Parity on the WTA tour is nothing new. But in recent years, major champions have backed up their breakthroughs with additional Slam trophies and an impressive consistency was beginning to define the top players’ 2021 seasons.  

That counted for little in what was perhaps the most surprising women’s event in the tournament’s history.

Nine of the top 12 seeds were gone before the quarterfinals, leaving Iga Siwatek as the only major champion and top-10 player remaining in the final eight. When she was stunned by Maria Sakkari, it was anyone’s guess who would come through for their first Grand Slam title.

Granted, this situation was made possible by a number of unusual circumstances. There were freak injuries to Simona Halep before the tournament and Petra Kvitova during it, ending their campaigns. There was Naomi Osaka’s unprecedented withdrawal. And there were ailments afflicting Ash Barty (in tournament) and Garbine Muguruza and Bianca Andreescu (in the lead-up), contributing to their early exits.

All of those women mentioned are Grand Slam champions.

The brilliance of Barbora Krejcikova

So too, now, is Barbora Krejcikova, who came through that wide-open draw to claim an incredible victory.

While well-known within tennis circles, the Czech world No.33 was, arguably, a mostly anonymous figure among casual fans until they discovered a wonderfully articulate, charming player with a complete game, and someone who warmed hearts as she openly discussed the ongoing influence of late coach Jana Novotna.

RELATED: Mental gains key to Krejcikova becoming champion

Krejcikova completed a dream fortnight in Paris, becoming the first player since Mary Pierce 21 years earlier to win both the singles and doubles titles.

Pierce welcomed Krejcikova to an illustrious group of players who had also achieved the feat, and the 25-year-old also joined some incredible company when she became just the fourth active player – along with Serena and Venus Williams, and Samantha Stosur – to have won Grand Slam titles in all three disciplines.

Rising stars getting closer…

Tsitsipas’ five-set loss in the men’s final means that Djokovic and Nadal continue to monopolise the majors, having won 10 of the past 11 between them.

But he came incredibly close, just as Daniil Medvedev, a quarterfinalist in Paris, did against Nadal in the 2019 US Open final. Alexander Zverev, a Roland Garros semifinalist, also fell in five sets in the US Open final the following year. Dominic Thiem stretched Djokovic to five sets in the AO 2020 final, before breaking through in New York against Zverev later that season.

Whether any of those younger guns ultimately dethrone a member of the Big Three in a Grand Slam final is unknown. 
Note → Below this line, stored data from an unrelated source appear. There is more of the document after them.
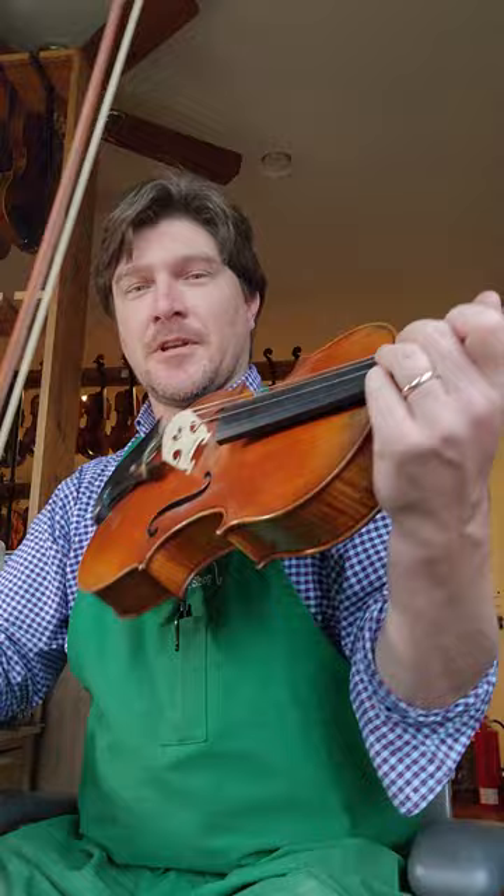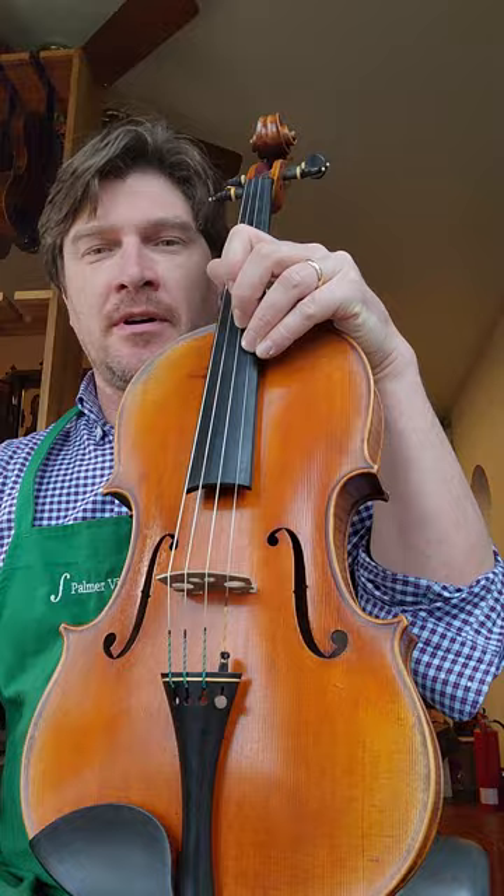The instrument sounds great. It's nice and responsive in the upper registers. The lower notes there on the C string have a really nice deep tone to them as well. So all around it's a great instrument. It's a great example of the Tertis model and really gives you an idea of the benefits of this model.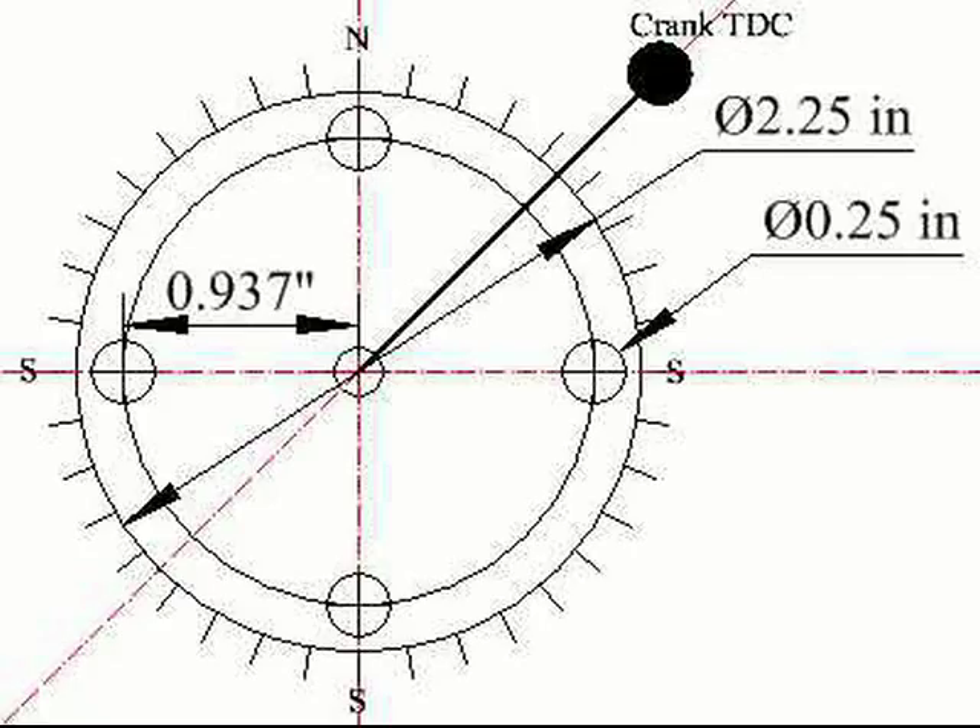You can see that I have indicated top dead center to be 45 degrees ahead of the north magnet. I have since found that I need more time, so in practice I will set TDC 180 degrees ahead of top dead center.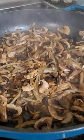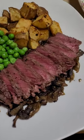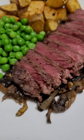Then I sautéed some mushrooms, onion, and garlic in butter with herbs de Provence, and it was so flipping good. Serve it up with a side of your choice and you are ready to go.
But given this group’s talent and desire, and steady improvement, the future looks bright for the sport when those legends inevitably end their careers.

Add to this the notable performances of teenagers Lorenzo Musetti, Jannik Sinner and Carlos Alcaraz in Paris, and the picture looks even rosier.

Stage magnificently set for Wimbledon

Wimbledon is now just two weeks away, with Roland Garros pushed back a week from its typical position on the calendar.

And given what transpired in Paris, there is so much more at stake at the All England Club.

With Federer and Serena Williams reaching the Roland Garros second week with little match play on their least-preferred surface, does that bode well for their Wimbledon chances?

Will the disappointments felt by the top women in Paris boost their desire and motivation on grass?

Will Novak Djokovic continue to create history and draw level with Federer and Nadal on 20 major titles?

Or will another unexpected champion – à la Krejcikova – emerge to surprise us all?

Thanks to what we witnessed throughout a dramatic French Open fortnight, it has left us wanting even more as an incredible 2021 season continues to unfold.